Si l’on compare ces réserves avec celles que la charte de déontologie impose, par exemple pour des activités associatives (n° 51, p. 65), force est de constater que là où pour des associations seules des « activités de premier plan » peuvent poser un problème déontologique, ici toutes les fonctions ecclésiastiques sont visées.
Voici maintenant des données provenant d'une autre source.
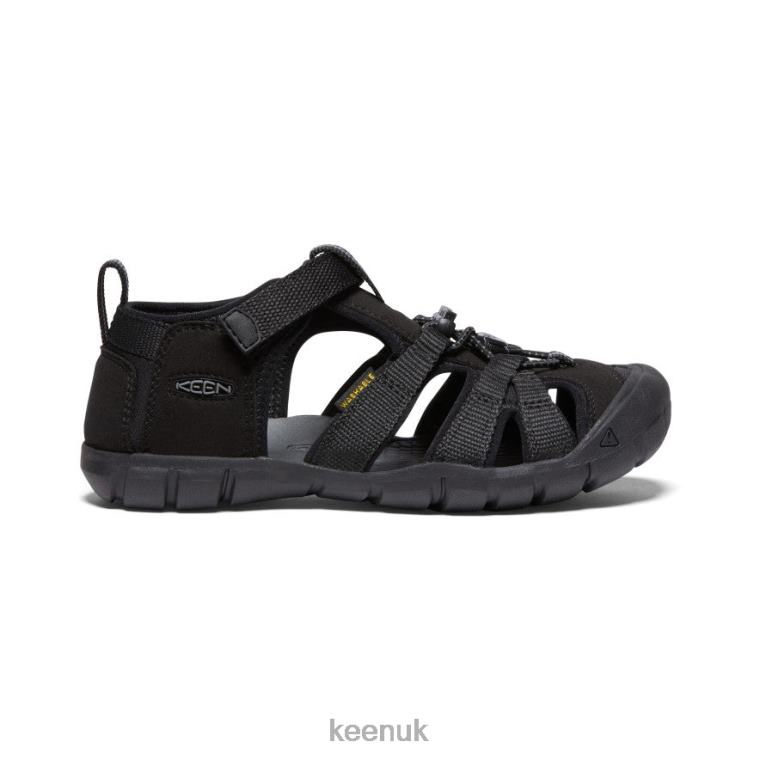 Footwear KEEN Seacamp II CNX Black/Grey Big Kids Z2D88796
De même, le soupçon que la « lettre de mission » qu’adresse l’évêque à son diacre ne puisse interférer avec les fonctions juridictionnelles est inédit et même dans des affaires aussi sensibles que celles de la situation de la femme de l’ancien Ministre de l’intérieur, responsable départementale d’un parti politique au pouvoir aucune réserve n’a été faite par le collège sur les éventuelles instructions qu’elle pourrait recevoir des responsables de ce parti (avis n° 2018/1 du 7 févr. 2018).

Est-ce à dire que les opinions religieuses présentent une sensibilité plus grande et nécessitent davantage de précautions que les opinions politiques ?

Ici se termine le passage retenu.